Duncan stepped around to the fire. He squatted there and reached for the coffee pot. He had a sick feeling in his guts, and yet, for some reason, he couldn’t altogether absorb what was happening to him. It was too unreal, too smoothly condemning. Sure, he’d laid out two cups and two tin plates when he’d started his cooking fire, but, hell, range etiquette said you always offered folks a meal at mealtime.
Maybe it did look like he’d purposefully rendezvoused here with Swindin, but he hadn’t at all. That was purest coincidence. The trouble with his reasoning, he knew, was that only he was influenced by it. All he had to do was cast one look around him at those four bitter faces, and he knew just how futile anything he might say would be.

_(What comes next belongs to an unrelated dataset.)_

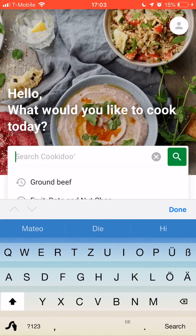Hello, I'm just going to guide you through Cook IDO just a little bit. What would you like to cook today?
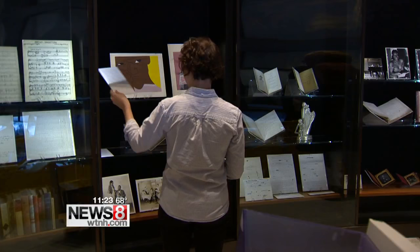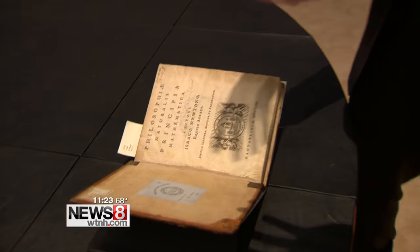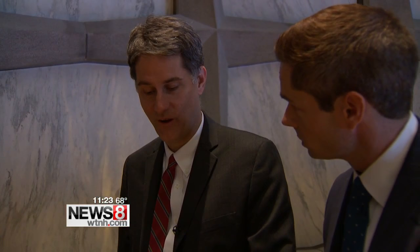Speaking of advancing knowledge — these are two books that came from Isaac Newton, math and physics books donated to Yale by one of time's most influential scientists. You can think about how this traveled all the way across the ocean, sat on the shelf and survived, and it's now sitting here so you and I have had the opportunity to look at it.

He finished his coffee, put the cup aside, and went to work fashioning a smoke. As he lit up, blew outward, he considered that lawman sitting over there. Duncan was lucky. If this sheriff hadn’t been with these men—if that youngest rider had been the influencing factor here—a cowboy named Todd Duncan would right this minute be kicking out his last moments at the end of someone’s hard-twist lariat, suspended from a cottonwood limb.
This kind of thinking made Duncan’s cigarette taste acid. He killed it and looked up to find Berryhill’s level gray gaze upon him.
“Doesn’t taste so good, does it?” said the lawman. He looked away. “Tom, you and Jack saddle Swindin’s horse and tie him across it. The rest of you bring in our horses from out where we left ’em, and let’s be heading back.”